> [Exercise directions]: Type out the lines below exactly, pictures excluded.

> [Given material]:
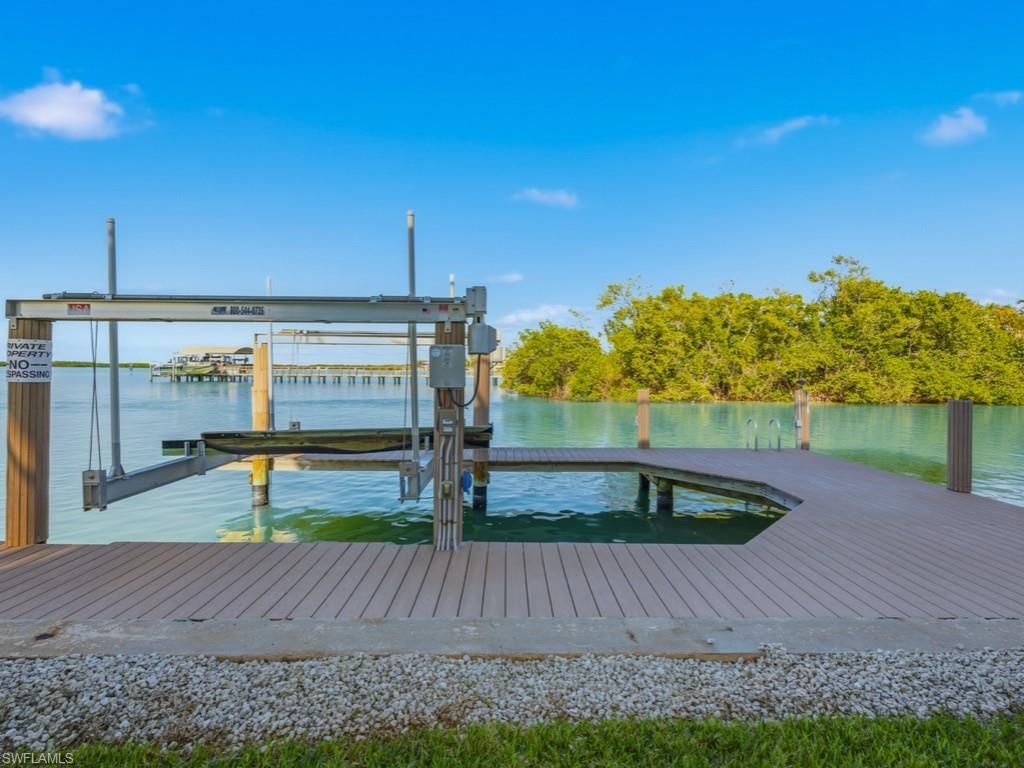 105 Pago Pago Dr W, Naples, FL 34113 Photo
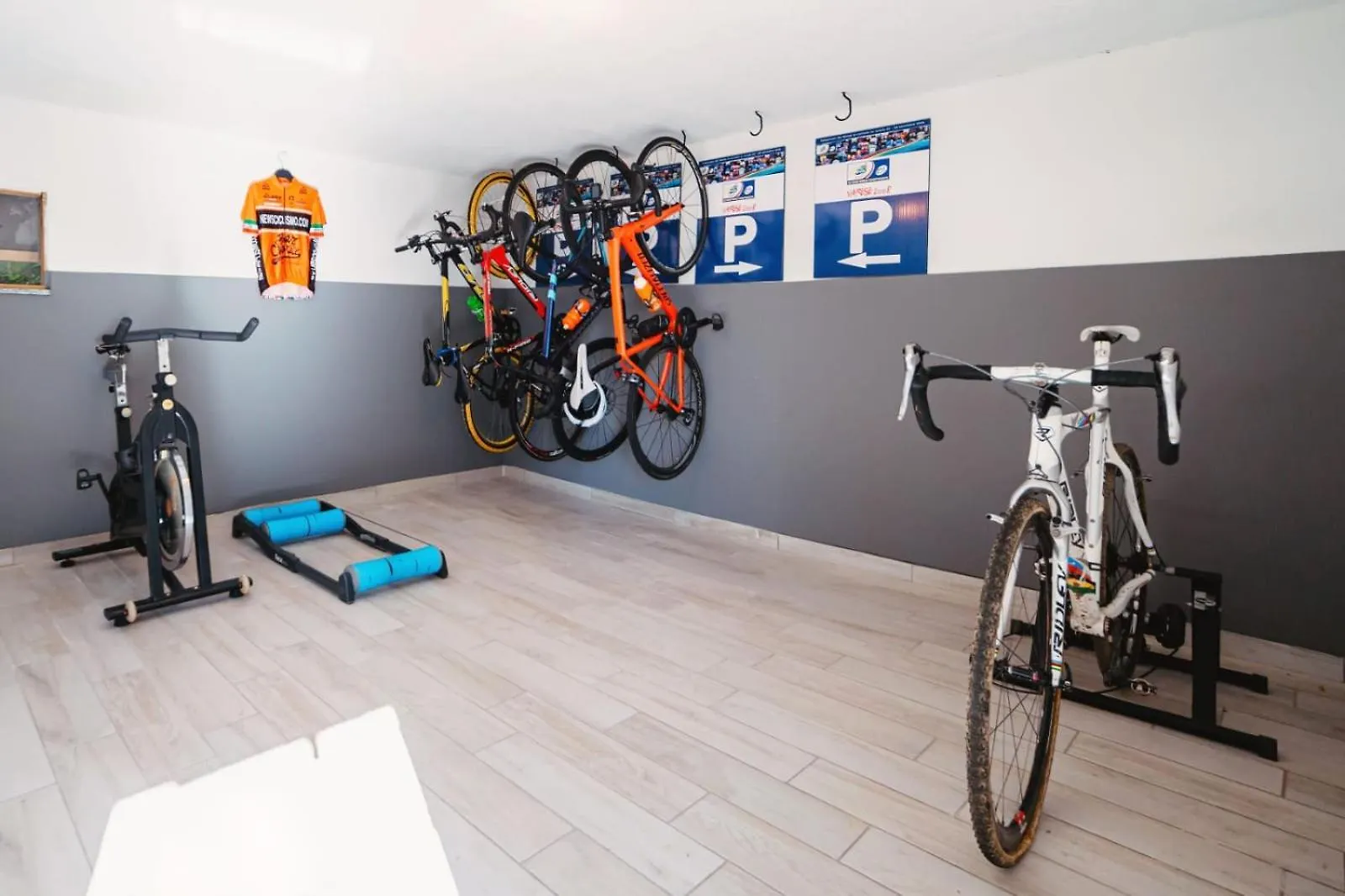Casa Charlie Apartment Arcisate 0*,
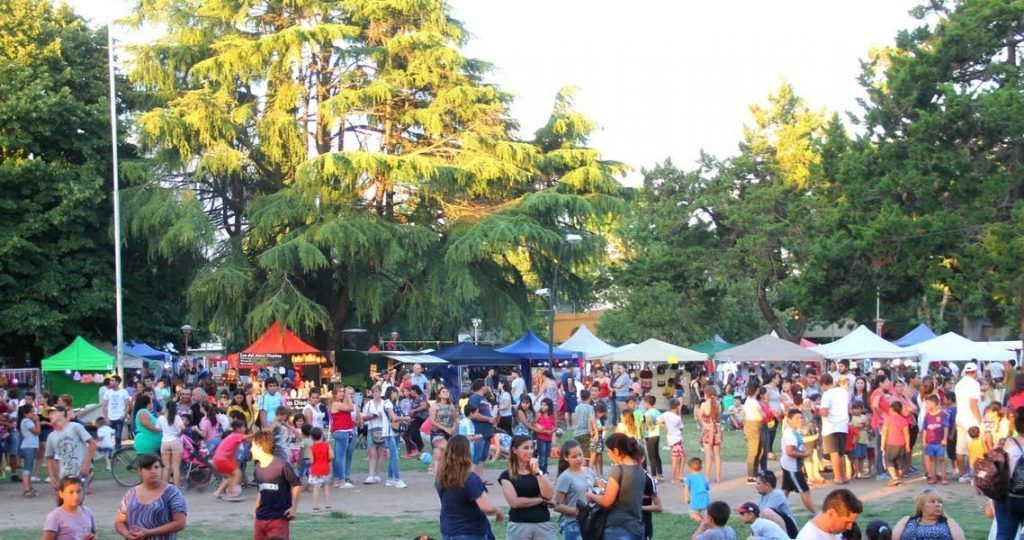BRANDSEN: Se llevó a cabo la Feria de Navidad 14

> [Task output]:
 105 Pago Pago Dr W, Naples, FL 34113 Photo
Casa Charlie Apartment Arcisate 0*,
BRANDSEN: Se llevó a cabo la Feria de Navidad 14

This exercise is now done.